Le 3 juillet se tenait la conférence « Quelles sobriétés pour quel immobilier ? » organisée par l’Observatoire de l’Immobilier Durable (OID) à l’Académie du Climat (Paris 4ème). La prise de parole inaugurale a été l’occasion pour Odile Batsère, présidente de l’OID, d’avancer que « la sobriété appartient à l’ère de la post-croissance » et pour Loïs Moulas, directeur général de l’observatoire, d’affirmer que « la sobriété n’est plus tabou mais elle relève de compréhensions différentes d’un acteur à un autre ». 

La première table ronde, portant sur les imaginaires de la sobriété, a été l’occasion de rappeler que, si la sobriété est débattue en France, cela reste une exception au sein des pays de l’OCDE, quand bien même elle est presque exclusivement traitée dans l’Hexagone sous le prisme de la comptabilité énergétique alors que son sens original englobe des enjeux de redistribution des richesses et de justice sociale. Les intervenants se sont également entendus sur le fait que le mot « sobriété » ne convient pas parfaitement au concept qu’il décrit, renvoyant au sevrage de boissons alcoolisées alors que le sens qu’on veut lui donner renvoie à la tempérance, à la « suffisance » (traduction littérale du terme « sufficiency » qui s’utilise en anglais pour parler de sobriété) visant à trouver un juste milieu entre la misère et l’excès de confort.

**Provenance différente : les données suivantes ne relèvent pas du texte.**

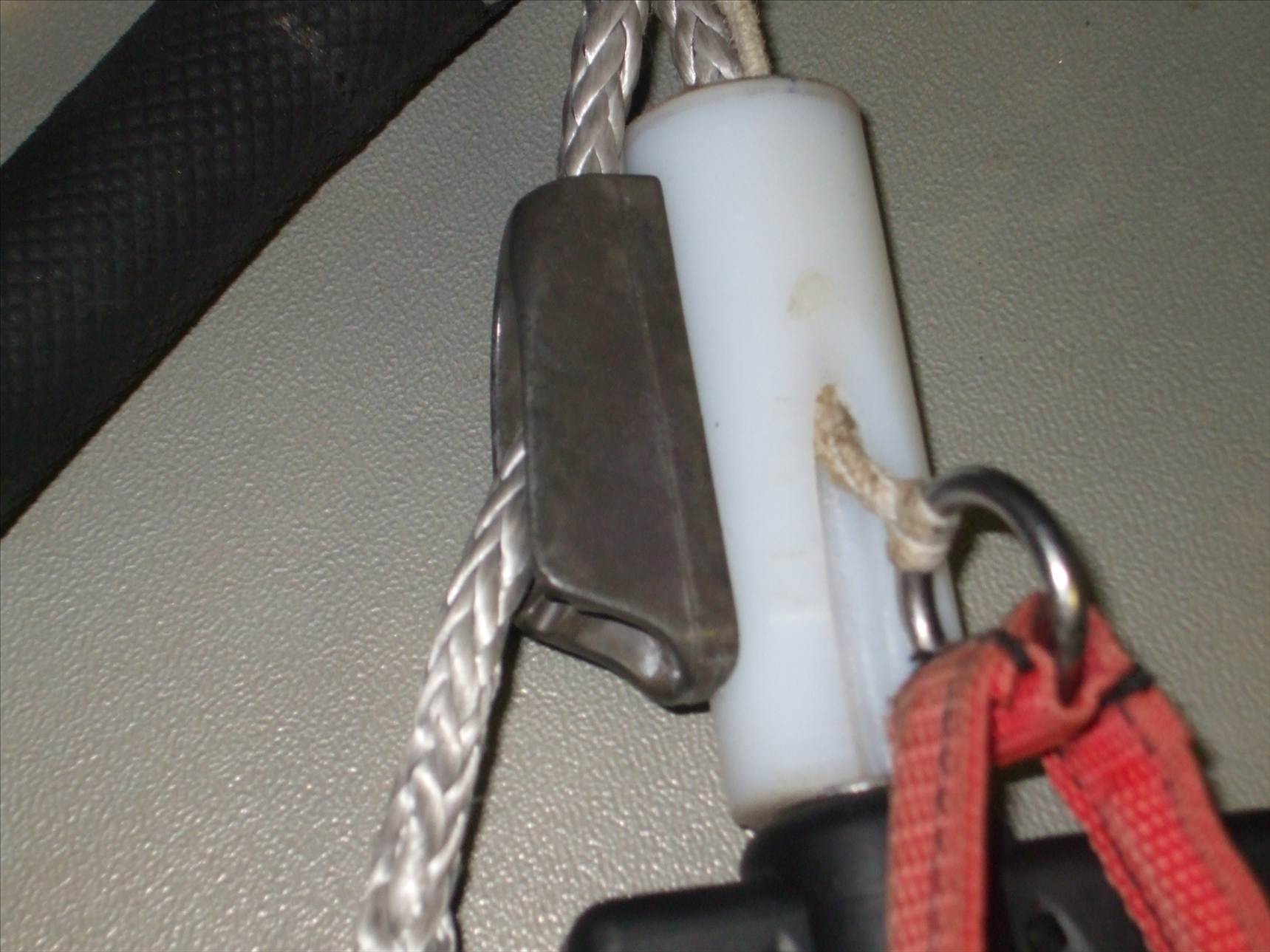 Slingshot cleat holder 001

Thierry Salomon, vice-président de l’association Négawatt, a ensuite montré les pistes qui peuvent être creusées pour une meilleure sobriété dans l’immobilier. Il s’agit d’abord de distinguer trois types de sobriété : dimensionnelle (qui prévoit une taille juste et un bon dimensionnement), d’usage (qui maximise le niveau et la durée d’exploitation) et de mutualisation (qui met en commun les usages). Dans le secteur du bâtiment, l’association estime à 30% les gains potentiels avec pas ou peu d’investissements monétaires. Cela serait rendu possible dans le résidentiel avec des économies sur le chauffage et l’eau chaude et dans le tertiaire sur la ventilation, l’éclairage ou la climatisation. 

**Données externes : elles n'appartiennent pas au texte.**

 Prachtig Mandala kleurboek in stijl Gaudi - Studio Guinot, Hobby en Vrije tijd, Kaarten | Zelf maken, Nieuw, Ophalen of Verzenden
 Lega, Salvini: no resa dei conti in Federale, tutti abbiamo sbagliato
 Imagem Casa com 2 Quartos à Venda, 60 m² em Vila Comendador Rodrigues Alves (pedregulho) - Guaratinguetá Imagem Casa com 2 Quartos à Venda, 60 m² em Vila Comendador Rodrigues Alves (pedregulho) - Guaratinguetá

Durant la deuxième table ronde, sur les définitions et pratiques de la sobriété dans l’immobilier, Alain Resplandy-Bernard, directeur général de la Direction de l’immobilier de l’Etat, a pointé « une obligation de sobriété si on veut prendre au sérieux la transition écologique ». Celle-ci passe d’abord par une comptabilité du bilan carbone des bâtiments publics (environ deux millions de tonnes eqCO2 par an) représentant 96 millions de mètres carrés et pour lequel l’Etat a investi 4 milliards d’euros sur les cinq dernières années afin d’en rénover thermiquement une partie. 

Cette volonté d’une comptabilité carbone est partagée par Astrid Weill, directrice générale de Groupama Immobilier, pour qui « on a deux poches : une avec des sous et l’autre avec du carbone. Il faut apprendre à compter avec du carbone ». Elle souligne également que pour elle la sobriété est un luxe car « le vrai luxe c’est celui qui va avec la planète ». 

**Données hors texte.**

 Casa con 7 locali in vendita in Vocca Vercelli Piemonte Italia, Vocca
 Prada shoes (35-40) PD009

Céline Crestin, directrice de la stratégie et du développement responsable de Paris La Défense, a rappelé l’objectif de faire de La Défense le « premier quartier d’affaires post-carbone du monde » quand bien même celui-ci a été pensé « en dehors des cadres de la sobriété, comme un symbole de la grandeur de l’économie française moderne ». Pour elle : « être moderne c’était le principe du quartier d’affaires à l’origine, aujourd’hui on passe à autre chose ».

Il s’agit également pour Julien Pemezec, directeur général de Woodeum x Pitch Immo, de viser d’autres modèles. Assumant que l’industrie a été « mauvaise élève » sur la sobriété, il rappelle « qu’il a dix ans on ne savait même pas mesurer le carbone et on ne savait pas où faire la chasse aux économies de carbone ». Il s’agit maintenant d’appliquer des solutions sur la base des nouvelles connaissances à notre disponibilité car « demain on ne nous laissera plus construire si on ne fait pas l’effort maintenant ».